Exercise objective. Please transcribe exactly the lines from the line holding "this 1456×819 image." through the end of the data below, and skip any pictures.

Extracted records START

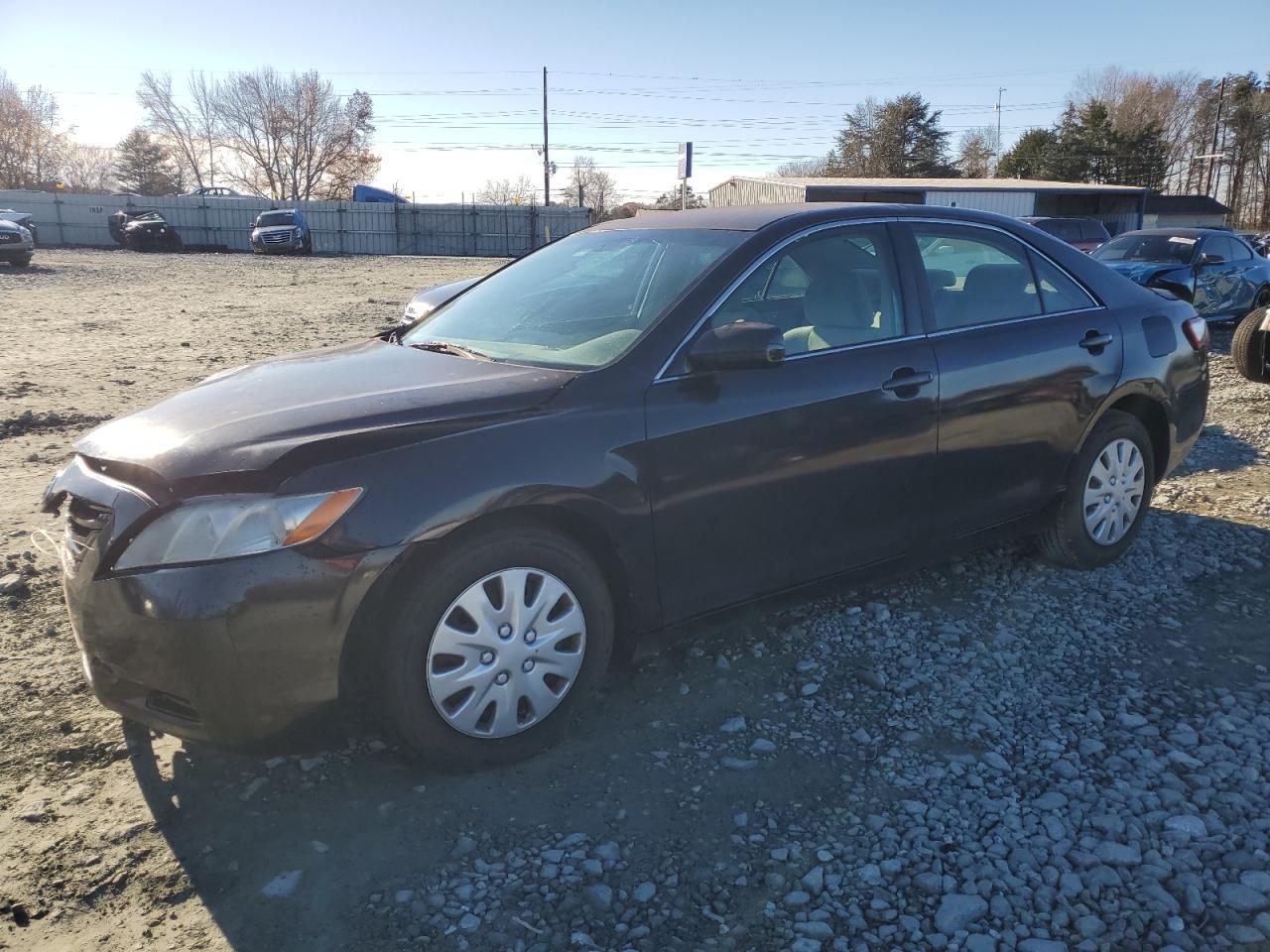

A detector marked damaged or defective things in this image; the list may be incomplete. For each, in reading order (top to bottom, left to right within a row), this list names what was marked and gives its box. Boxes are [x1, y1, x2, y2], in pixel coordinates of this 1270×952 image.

damaged car in background [107, 210, 183, 251]
dented hood [73, 340, 576, 487]
damaged car in background [42, 206, 1208, 767]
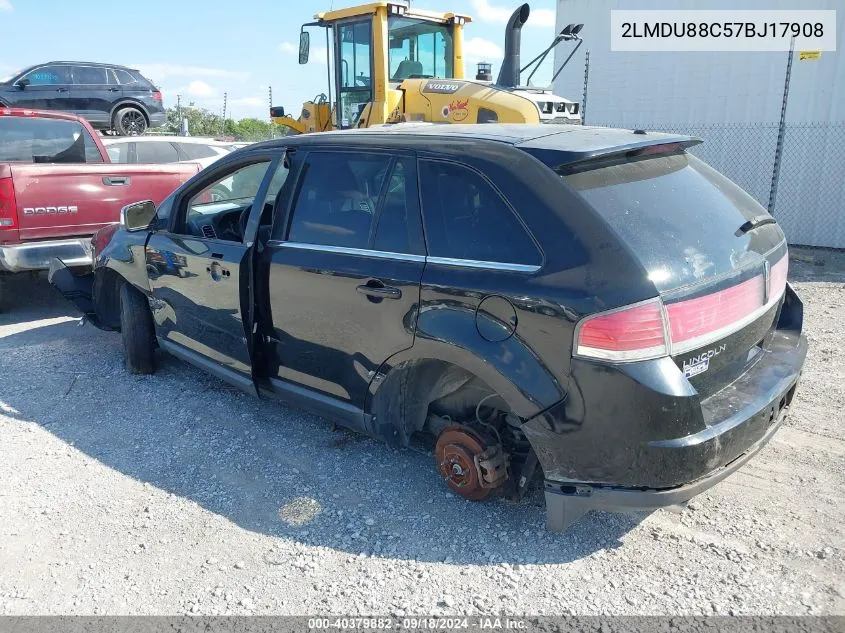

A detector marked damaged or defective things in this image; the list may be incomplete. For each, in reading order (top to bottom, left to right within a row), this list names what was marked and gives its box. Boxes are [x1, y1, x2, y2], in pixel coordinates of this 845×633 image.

rusted brake rotor [436, 424, 508, 498]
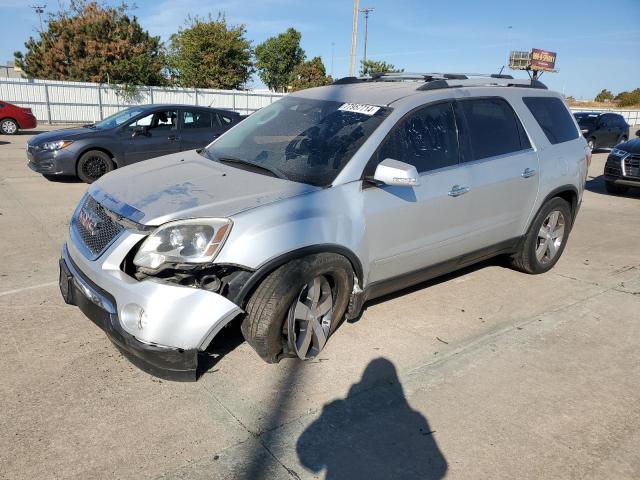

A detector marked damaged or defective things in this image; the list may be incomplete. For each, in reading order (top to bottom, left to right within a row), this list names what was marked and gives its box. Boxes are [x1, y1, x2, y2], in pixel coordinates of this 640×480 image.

cracked headlight [134, 218, 232, 270]
damaged silver suv [60, 72, 592, 378]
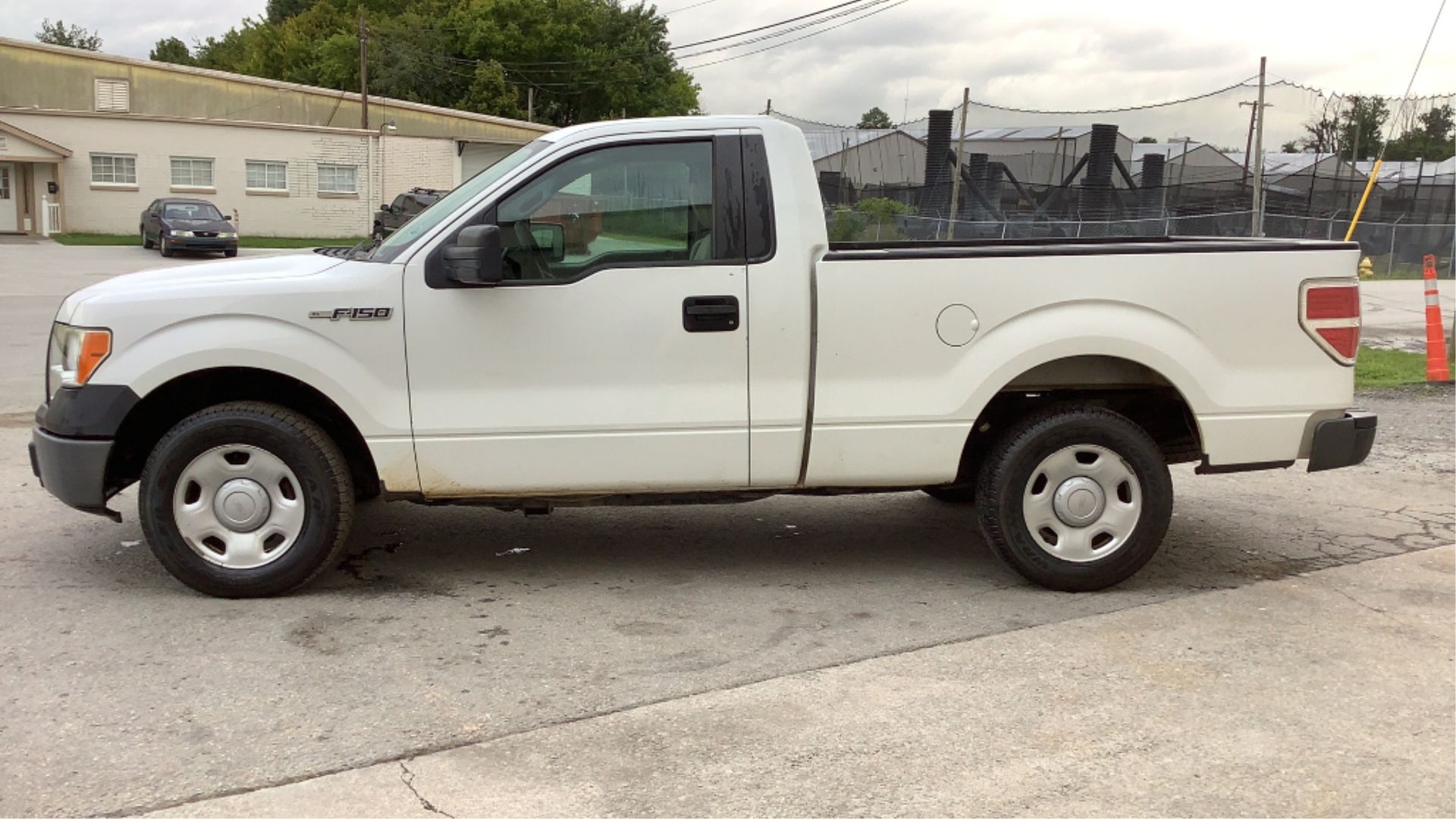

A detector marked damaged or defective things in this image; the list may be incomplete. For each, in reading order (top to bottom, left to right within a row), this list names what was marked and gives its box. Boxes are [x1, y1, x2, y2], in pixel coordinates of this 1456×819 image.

cracked asphalt pavement [2, 244, 1456, 819]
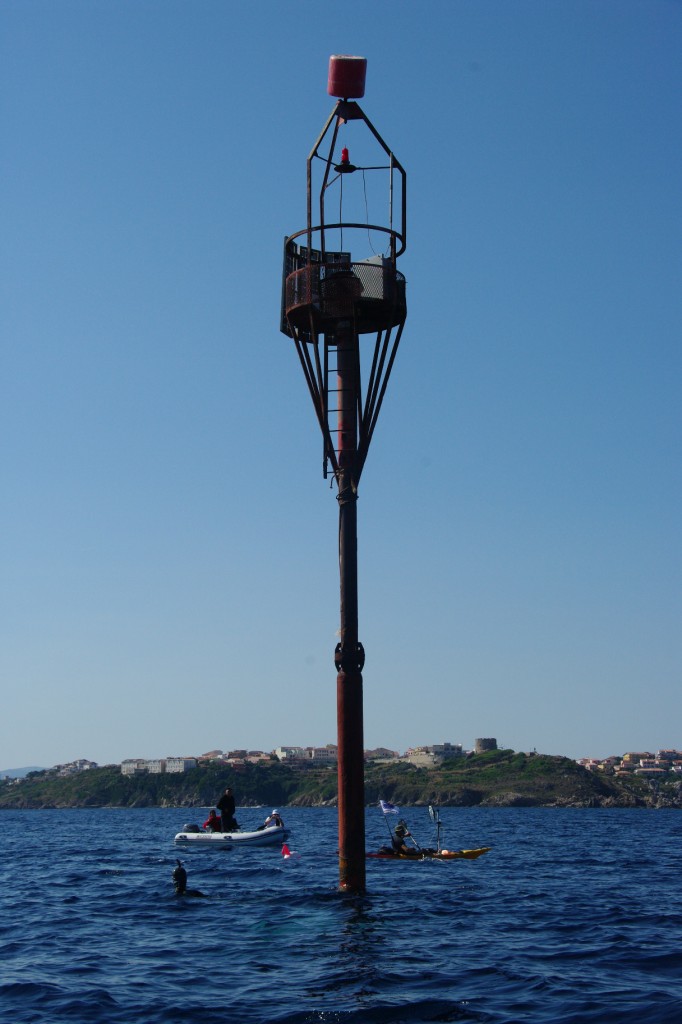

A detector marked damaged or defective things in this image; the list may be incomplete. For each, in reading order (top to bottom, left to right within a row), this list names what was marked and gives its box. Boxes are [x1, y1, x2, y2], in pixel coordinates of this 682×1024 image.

Extracted records END

Task result.
A detector marked damaged or defective things in this image; the list may be incomplete. For each, in reading order (top to bottom, left to right within a row), this list names what was marked and gives its box. Boxes are [x1, y1, x2, y2], in pixel coordinates of this 1456×819 image.

cracked asphalt pavement [2, 244, 1456, 819]

A detector marked damaged or defective things in this image; the list may be incomplete. For each, in reading order (top to bottom, left to right within a row), this list names what was marked and gives its box. Boxes are [x1, y1, x2, y2], in pixel coordinates of this 682×1024 image.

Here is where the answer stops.